● **About this task**
Skip the pictures. Give all the data again exactly.

● **Data for this exercise**
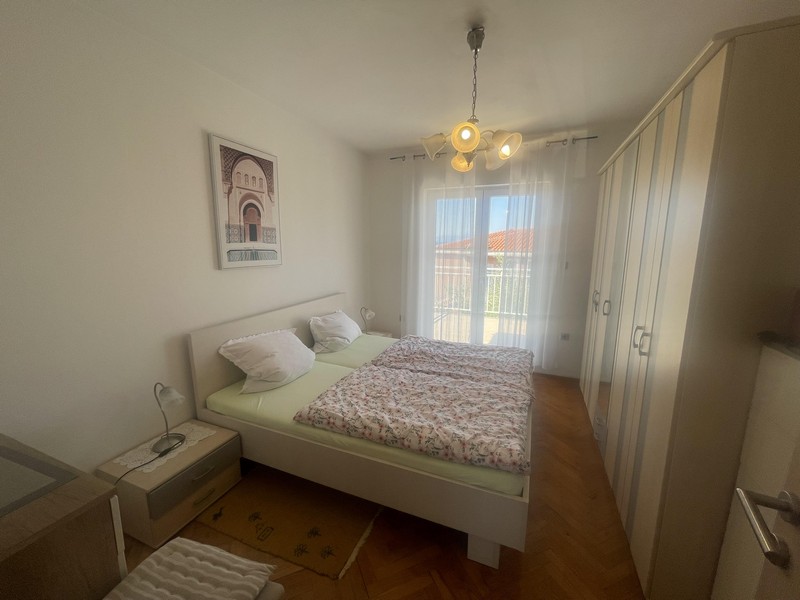 Bedroom with double bed in Croatia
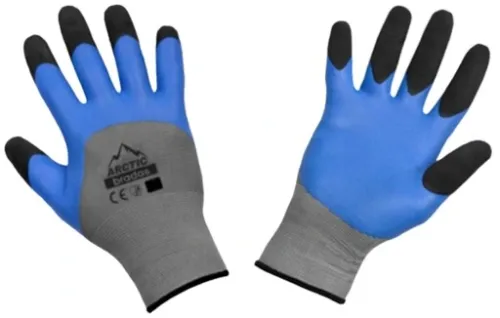 Rękawice Ochronne Robocze Rozmiar 8 Bradas ARCTIC Lateks Wzmocnione Mocne na Arena.pl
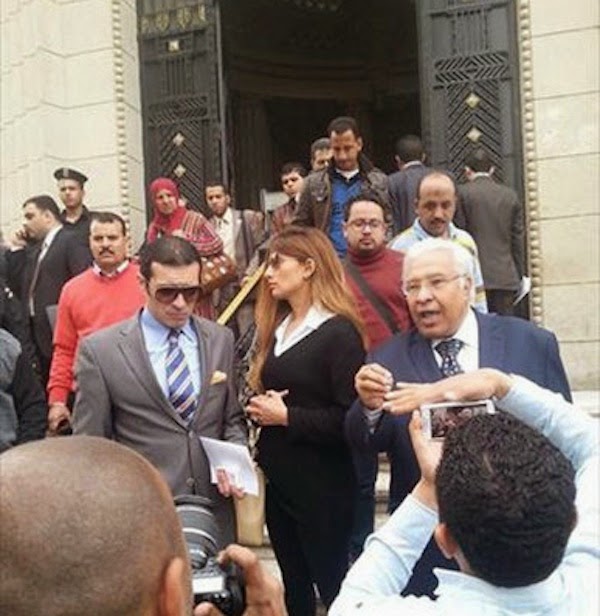 صور الظهور الأول لزينة بعد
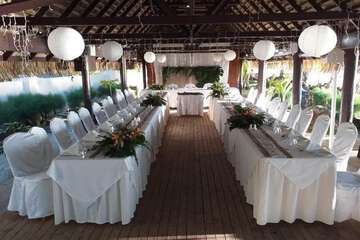 Reception hall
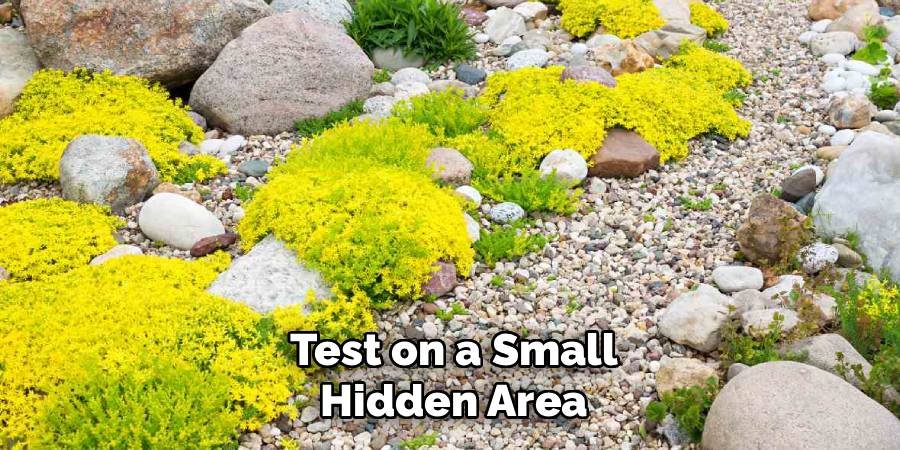 Test on a Small Hidden Area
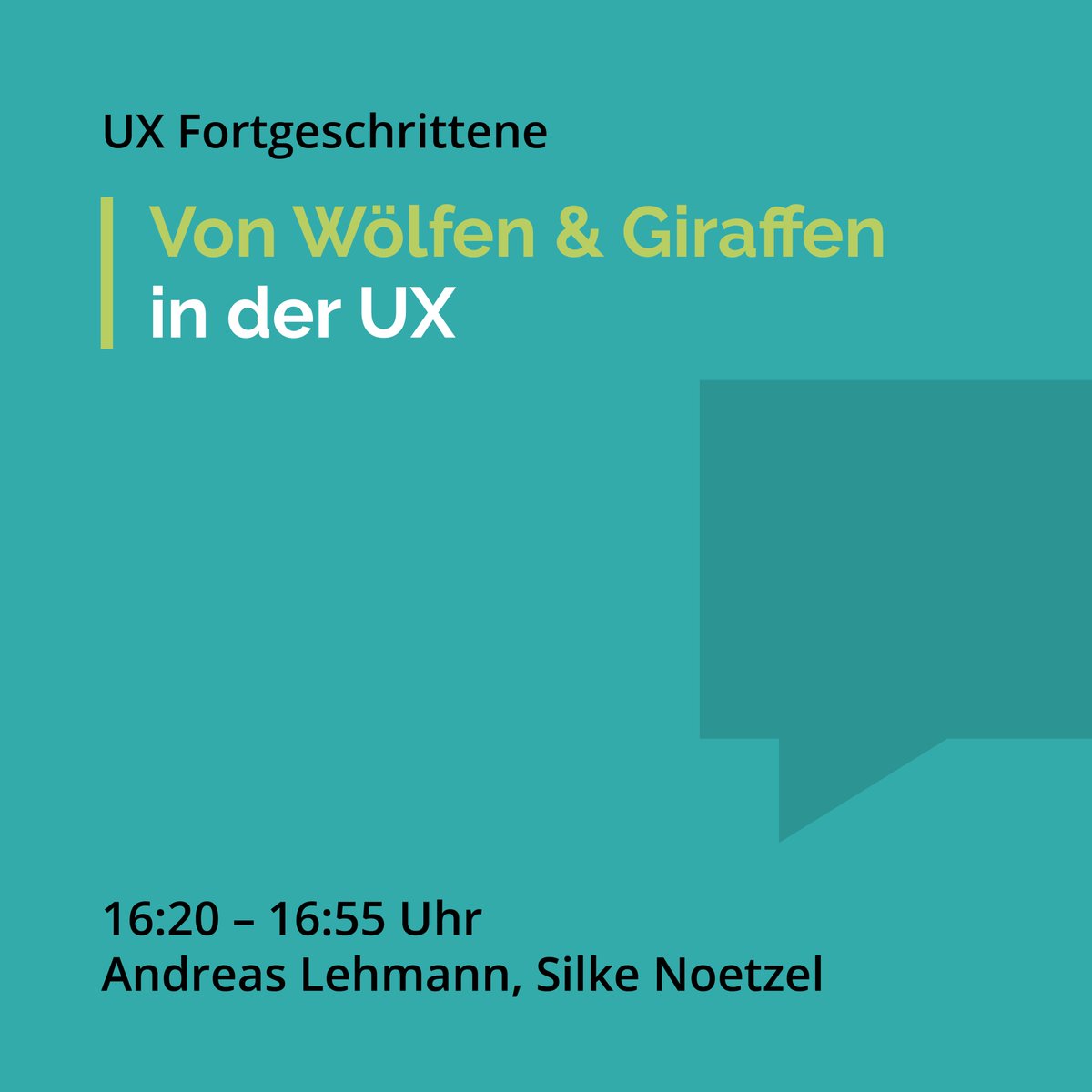 World Usability Day München tweet media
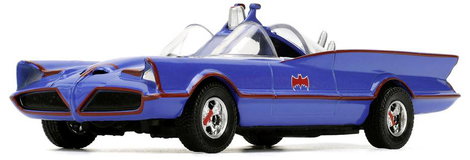 JADA TOYS Batman 1966-os Batmobile Kész modell Személygépkocsi modell 10. kép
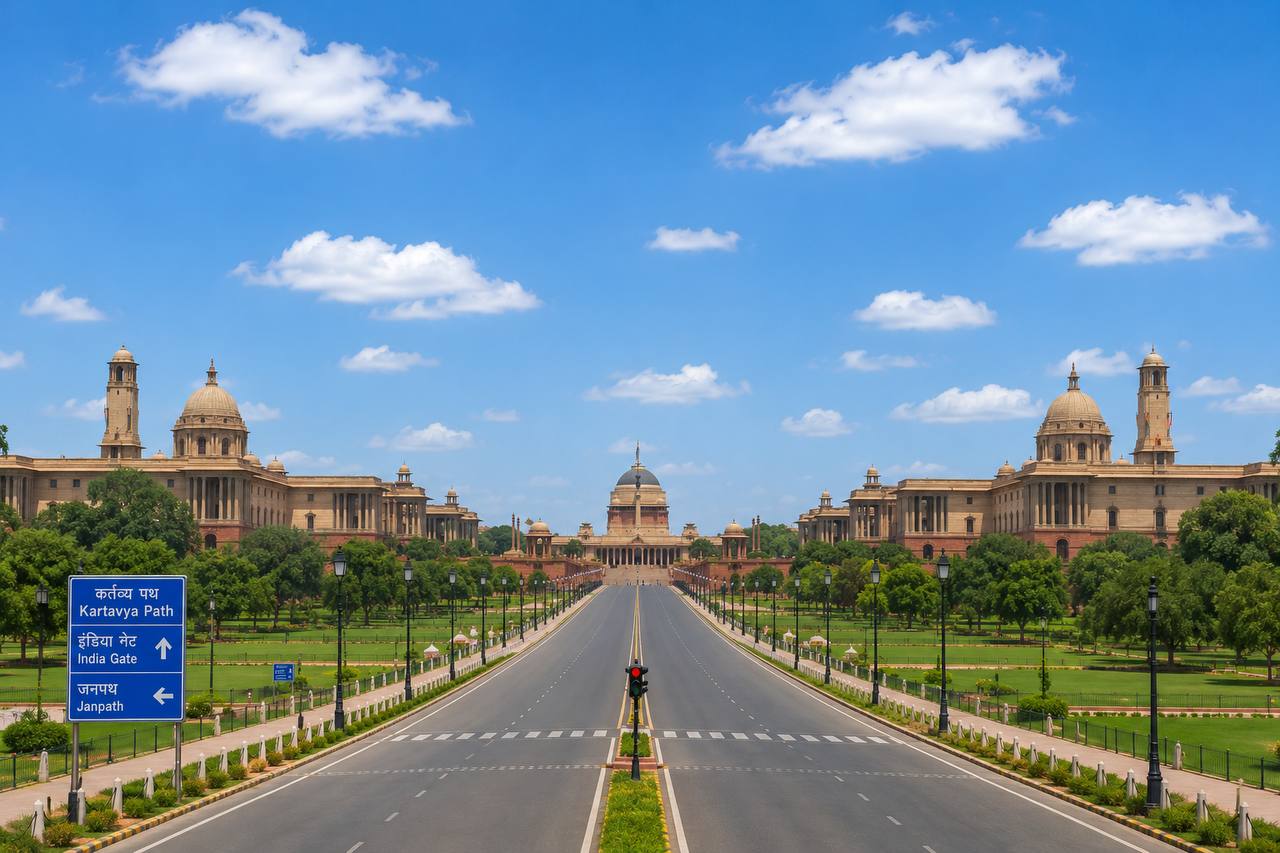 Delhi Records Lowest Average AQI for January-May Period in Eight Years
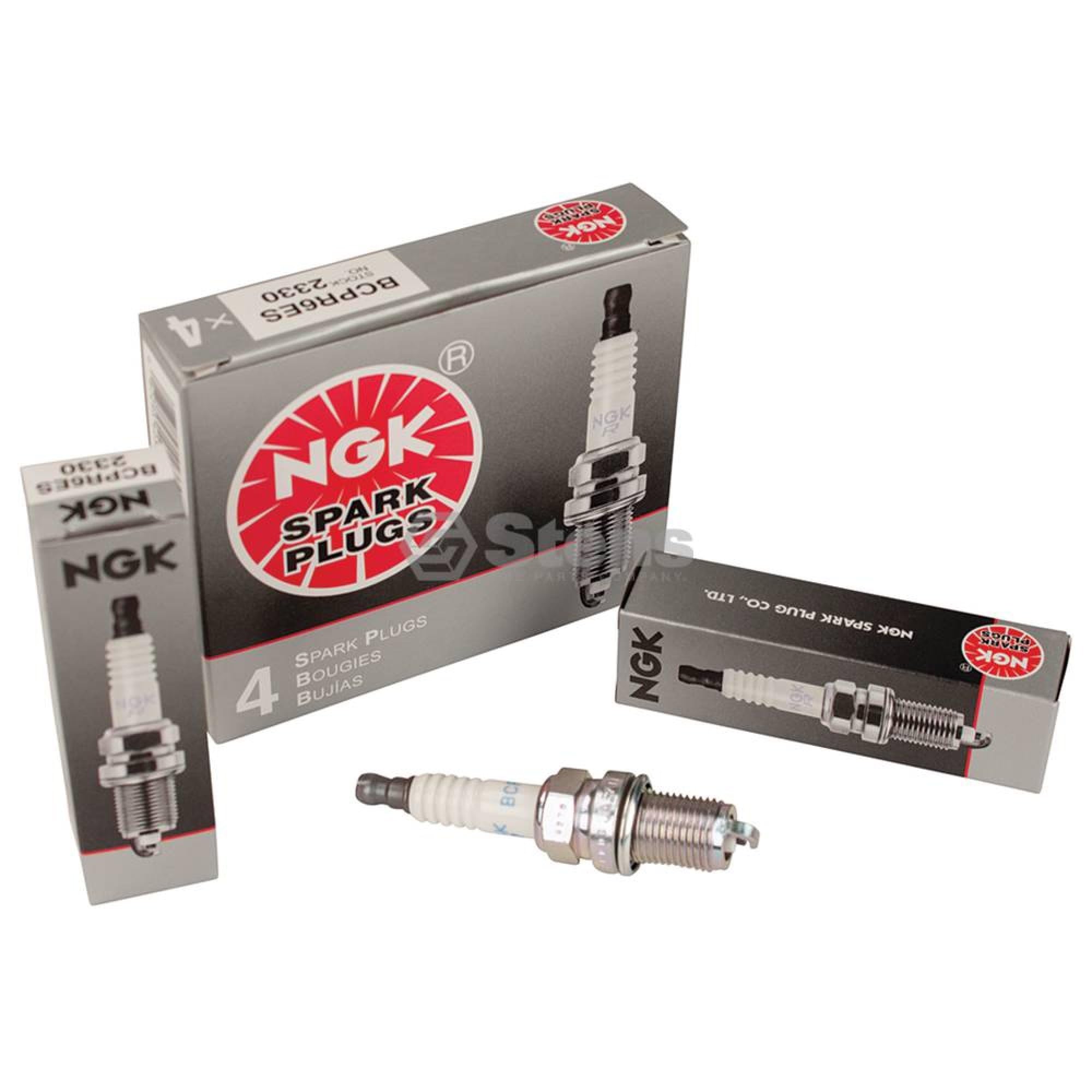 NGK Spark Plug, Stens BCPR6ES, ea, 1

● **Answer section**
 Bedroom with double bed in Croatia
 Rękawice Ochronne Robocze Rozmiar 8 Bradas ARCTIC Lateks Wzmocnione Mocne na Arena.pl
 صور الظهور الأول لزينة بعد
 Reception hall
 Test on a Small Hidden Area
 World Usability Day München tweet media
 JADA TOYS Batman 1966-os Batmobile Kész modell Személygépkocsi modell 10. kép
 Delhi Records Lowest Average AQI for January-May Period in Eight Years
 NGK Spark Plug, Stens BCPR6ES, ea, 1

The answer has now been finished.